The sector is bedevilled by weak demand and increased competition, especially among producers based in western and central Saudi Arabia.
Tuesday 09, April 2019
(Bloomberg) --Cement producers in the Arab world’s biggest economy could be in for another year of low profits as major construction work announced by the government proves slow to get off the ground.
Combined net income for 15 listed cement companies in Saudi Arabia was $185.7 million last year, almost 90 per cent lower than the $1.6 billion posted as recently as 2014 and according to analysts there are few clear indications of an improvement this year.
A reduction in energy subsidies has added to their woes by raising transportation costs.
Saudi Arabia has announced initiatives such as the $500 billion futuristic NEOM city and the Red Sea Project to attract foreign investment and bolster non-oil revenue. Critics have questioned the mega-developments after previous efforts to construct industrial and financial cities struggled to take off.

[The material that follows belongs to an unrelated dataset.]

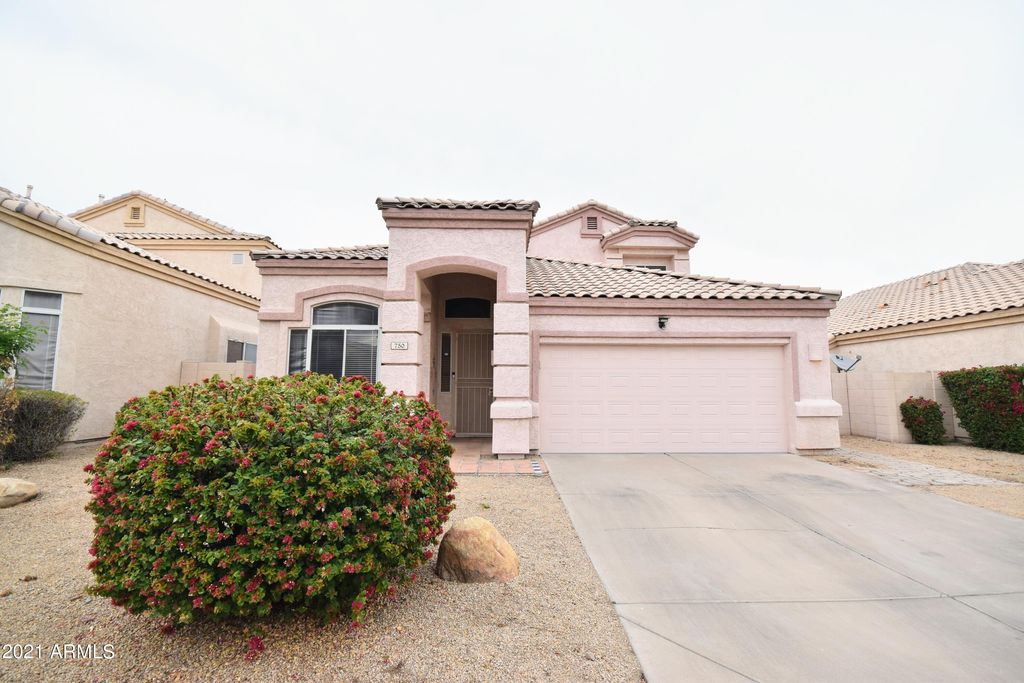 750 W Kent Pl, Chandler, AZ 85225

Saudi Cement Company, based in the eastern petroleum hub of Dammam, recorded the largest net income among the 15 listed companies last year at about $107 million, down from the $121 million generated a year earlier. On the other hand, Tabuk Cement Company, located in the north-west of the country, was at the opposite end of the scale, with a loss of $26 million, more than four times wider than its loss in 2017.
Sameer Kattiparambil, the Vice President of Equity Research at EFG Hermes in Muscat, said, “The first signs of relief for the sector may emerge by next year, we see the mega-projects starting to impact the cement demand cycle in late 2019 or early 2020.”